The variable surface water patterns in the Firth of Lorn give a good indication to the complexities of current and tide.
Day 7 - Saturday 24th Jul 21.
Clean down and HOTO to 32 Regt RA at Dunstaffnage Marina.
In summary, we have visited 4 Marinas (Dunstaffnage, Lochaline, Tobermory, Mallaig) and made 6 anchorages (Canna, Loch Scavaig, Rum, Arinagour, Staffa, Calgary Bay).

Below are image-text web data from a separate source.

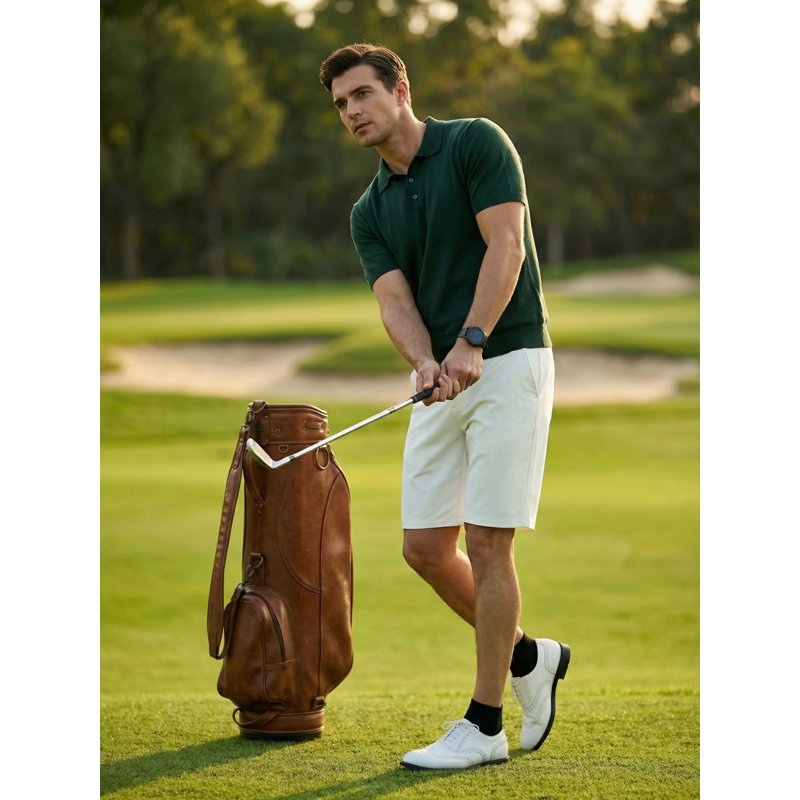 Men's 9-Inch Golf Shorts with Hidden Expandable Waist - Lightweight Bermuda
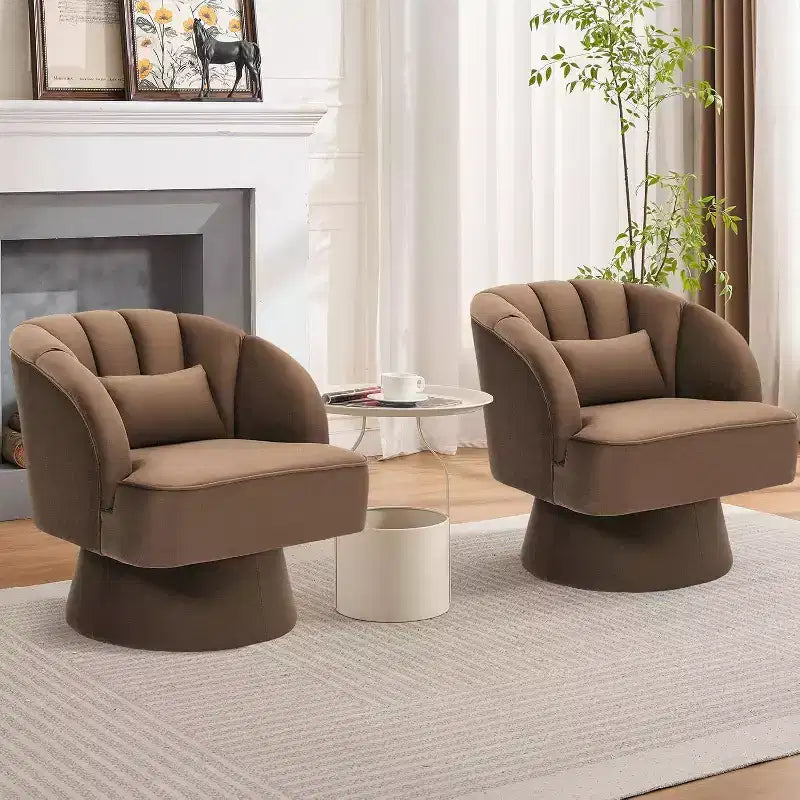 Acekool 360 Swivel Barrel Chair - Plush Teddy Velvet Lounge Chair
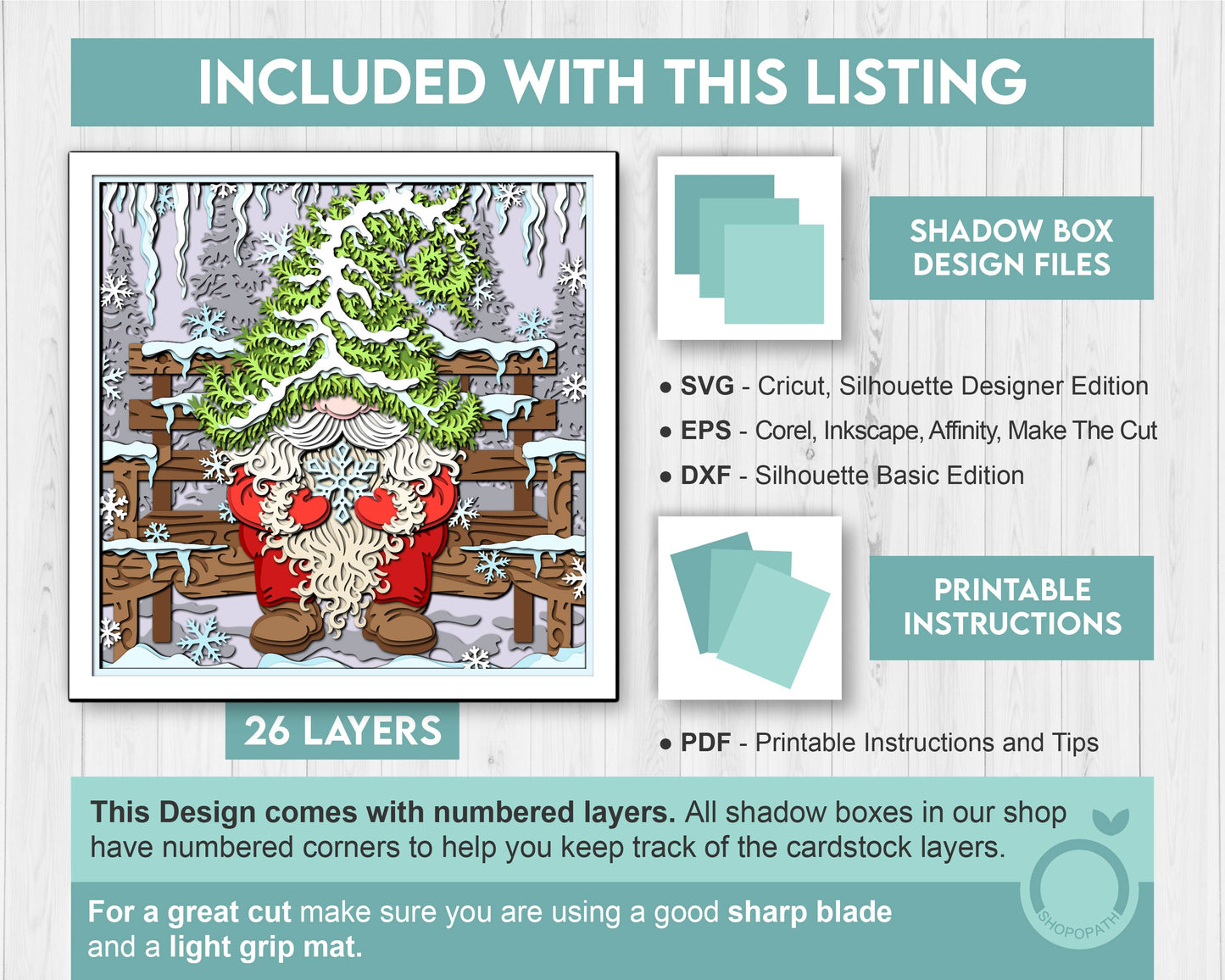 Winter Gnome with Santa Hat - 3D Shadow Box Layered SVG DXF EPS (Cutting Files)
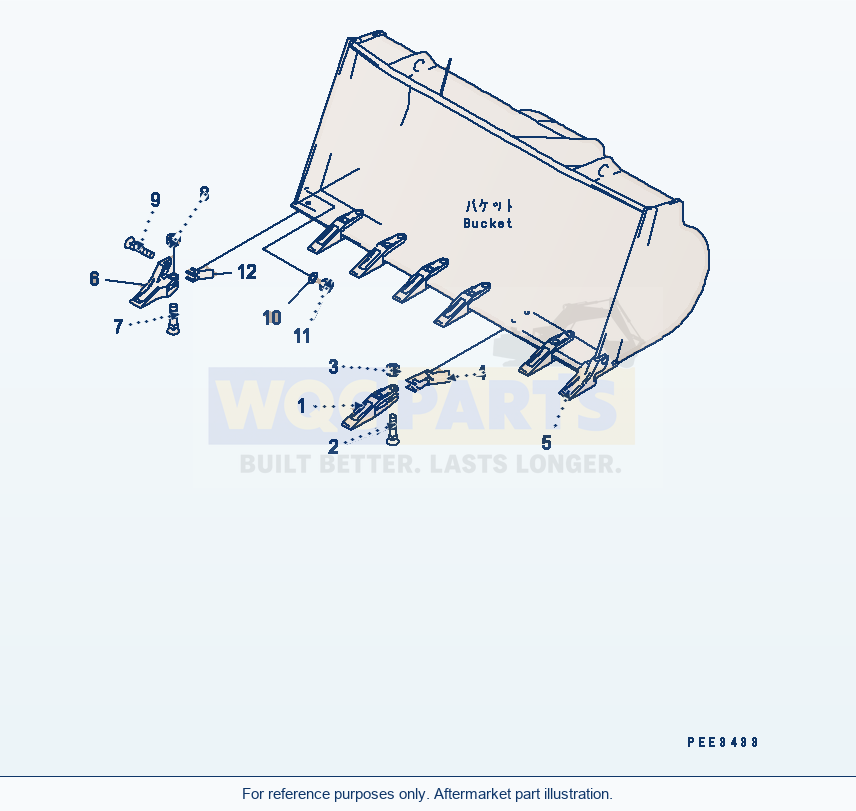 Komatsu WA320L-5 Tooth parts diagram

Although not strong winds, the occasional F4, flat seas and incredible weather made for some superb sailing. Most memorable of all though is the scenery we had the pleasure of sailing amongst. From the imposing Cullin, Ridge, to unique caves, to the picture postcode Tobermory and isolated anchorages like Canna and Calgary Bay, we saw some of the most beautiful places this find island has to offer. It was a privilege to be able to experience from the water. The crew never stopped smiling and the bug of sailing is firmly set within the two young newly qualified Comp Crew.
I would like to take this opportunity to thank our skipper Col (retd) Tim Wordsworth for taking the time to join us and his superb instructing we felt lucky to have him. I would also like to thank our mate Capt Josh Bate for the additional guidance throughout. The crew left in a very good place having them both in charge of St Barbara for our Leg.
Additionally I would like to express my thanks to the RAYC for organising such a fantastic, well organised expedition, and the ATG for their support of it. In particular I'd like to thank Captain Bate, Captain Bird and WO2 (BSM) Nothard, their guidance and evident hard work ensured my leg and, i'm certain, others ran smoothly. I can appreciate the time and hard work many others have put into such an expedition and so I sincerely thank all involved. I can wholeheartedly speak on behalf of my crew when I say we had a superb experience, on a very special yacht in St Barbara V.
From my following, and personal experience, the RAYC Round Britain Challenge 2021 has been a great success and has enabled junior soldiers to experience one of the best forms of Adventure Training available. There will inevitably be a legacy left by such a wonderful event and the future of Gunner Sailing looks bright as a direct result of this expedition.